▶ **How to complete this task**: Could you return every record below exactly as it is written?

▶ **Records shown**:
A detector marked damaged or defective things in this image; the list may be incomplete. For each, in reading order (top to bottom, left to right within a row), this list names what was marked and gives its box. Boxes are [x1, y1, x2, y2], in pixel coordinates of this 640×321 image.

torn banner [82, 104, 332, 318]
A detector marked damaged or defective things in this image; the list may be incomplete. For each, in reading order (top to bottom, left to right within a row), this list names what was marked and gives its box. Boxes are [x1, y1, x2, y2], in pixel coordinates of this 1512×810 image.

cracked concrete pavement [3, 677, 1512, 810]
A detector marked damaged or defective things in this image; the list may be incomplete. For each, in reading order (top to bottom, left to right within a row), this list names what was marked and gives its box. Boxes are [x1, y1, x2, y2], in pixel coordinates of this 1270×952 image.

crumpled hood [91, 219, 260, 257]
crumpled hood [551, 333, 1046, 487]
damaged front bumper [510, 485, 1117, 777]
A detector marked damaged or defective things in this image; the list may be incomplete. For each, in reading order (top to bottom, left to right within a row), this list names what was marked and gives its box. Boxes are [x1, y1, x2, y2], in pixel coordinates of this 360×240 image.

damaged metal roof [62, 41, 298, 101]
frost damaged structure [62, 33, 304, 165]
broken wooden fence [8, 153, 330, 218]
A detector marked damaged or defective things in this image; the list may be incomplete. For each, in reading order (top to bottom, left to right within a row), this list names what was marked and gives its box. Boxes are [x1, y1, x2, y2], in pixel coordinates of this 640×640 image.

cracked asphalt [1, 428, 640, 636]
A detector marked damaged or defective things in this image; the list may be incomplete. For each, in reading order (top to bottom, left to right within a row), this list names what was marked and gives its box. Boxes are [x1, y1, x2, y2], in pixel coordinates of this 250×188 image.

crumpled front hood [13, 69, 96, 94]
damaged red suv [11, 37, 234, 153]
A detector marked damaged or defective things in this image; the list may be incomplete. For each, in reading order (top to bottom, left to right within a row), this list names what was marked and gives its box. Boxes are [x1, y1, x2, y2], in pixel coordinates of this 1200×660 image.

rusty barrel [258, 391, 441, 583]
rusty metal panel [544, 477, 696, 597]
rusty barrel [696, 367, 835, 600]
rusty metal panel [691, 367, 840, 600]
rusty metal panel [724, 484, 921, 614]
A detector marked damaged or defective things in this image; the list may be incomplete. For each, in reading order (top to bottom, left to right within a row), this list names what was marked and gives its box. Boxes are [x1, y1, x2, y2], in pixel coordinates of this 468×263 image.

▶ **Your solution**:
A detector marked damaged or defective things in this image; the list may be incomplete. For each, in reading order (top to bottom, left to right within a row), this list names what was marked and gives its box. Boxes are [x1, y1, x2, y2], in pixel coordinates of this 640×321 image.

torn banner [82, 104, 332, 318]
A detector marked damaged or defective things in this image; the list may be incomplete. For each, in reading order (top to bottom, left to right within a row), this list names what was marked and gives its box. Boxes are [x1, y1, x2, y2], in pixel coordinates of this 1512×810 image.

cracked concrete pavement [3, 677, 1512, 810]
A detector marked damaged or defective things in this image; the list may be incomplete. For each, in reading order (top to bottom, left to right within a row), this list names what was marked and gives its box. Boxes are [x1, y1, x2, y2], in pixel coordinates of this 1270×952 image.

crumpled hood [91, 219, 260, 257]
crumpled hood [551, 333, 1046, 487]
damaged front bumper [510, 485, 1117, 777]
A detector marked damaged or defective things in this image; the list may be incomplete. For each, in reading order (top to bottom, left to right within a row), this list names what was marked and gives its box. Boxes are [x1, y1, x2, y2], in pixel coordinates of this 360×240 image.

damaged metal roof [62, 41, 298, 101]
frost damaged structure [62, 33, 304, 165]
broken wooden fence [8, 153, 330, 218]
A detector marked damaged or defective things in this image; the list may be incomplete. For each, in reading order (top to bottom, left to right within a row), this list names what was marked and gives its box. Boxes are [x1, y1, x2, y2], in pixel coordinates of this 640×640 image.

cracked asphalt [1, 428, 640, 636]
A detector marked damaged or defective things in this image; the list may be incomplete. For each, in reading order (top to bottom, left to right within a row), this list names what was marked and gives its box. Boxes are [x1, y1, x2, y2], in pixel coordinates of this 250×188 image.

crumpled front hood [13, 69, 96, 94]
damaged red suv [11, 37, 234, 153]
A detector marked damaged or defective things in this image; the list may be incomplete. For each, in reading order (top to bottom, left to right within a row), this list names what was marked and gives its box. Boxes are [x1, y1, x2, y2], in pixel coordinates of this 1200×660 image.

rusty barrel [258, 391, 441, 583]
rusty metal panel [544, 477, 696, 597]
rusty barrel [696, 367, 835, 600]
rusty metal panel [691, 367, 840, 600]
rusty metal panel [724, 484, 921, 614]
A detector marked damaged or defective things in this image; the list may be incomplete. For each, in reading order (top to bottom, left to right within a row), this list names what was marked and gives its box. Boxes are [x1, y1, x2, y2], in pixel coordinates of this 468×263 image.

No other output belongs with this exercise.